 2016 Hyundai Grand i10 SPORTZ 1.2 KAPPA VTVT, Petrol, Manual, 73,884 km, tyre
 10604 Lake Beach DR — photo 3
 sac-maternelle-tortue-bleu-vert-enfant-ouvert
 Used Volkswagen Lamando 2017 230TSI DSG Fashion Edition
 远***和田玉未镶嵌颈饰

--*--

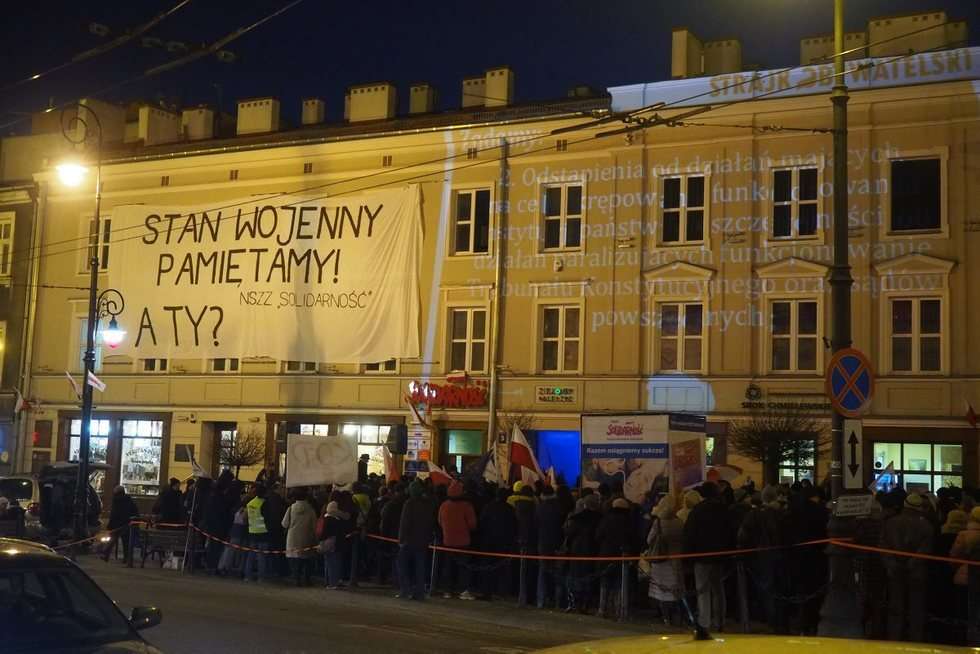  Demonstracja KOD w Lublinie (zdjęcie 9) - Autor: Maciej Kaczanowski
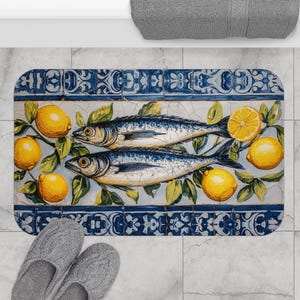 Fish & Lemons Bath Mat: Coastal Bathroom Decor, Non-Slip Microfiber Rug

--*--

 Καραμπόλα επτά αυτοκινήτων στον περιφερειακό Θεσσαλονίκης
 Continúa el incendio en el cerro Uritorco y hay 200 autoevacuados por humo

--*--

Within the material above, the line with "2016 Hyundai Grand" opens the range and the line with "远***和田玉未镶嵌颈饰" closes it; reproduce that range word for word.

 2016 Hyundai Grand i10 SPORTZ 1.2 KAPPA VTVT, Petrol, Manual, 73,884 km, tyre
 10604 Lake Beach DR — photo 3
 sac-maternelle-tortue-bleu-vert-enfant-ouvert
 Used Volkswagen Lamando 2017 230TSI DSG Fashion Edition
 远***和田玉未镶嵌颈饰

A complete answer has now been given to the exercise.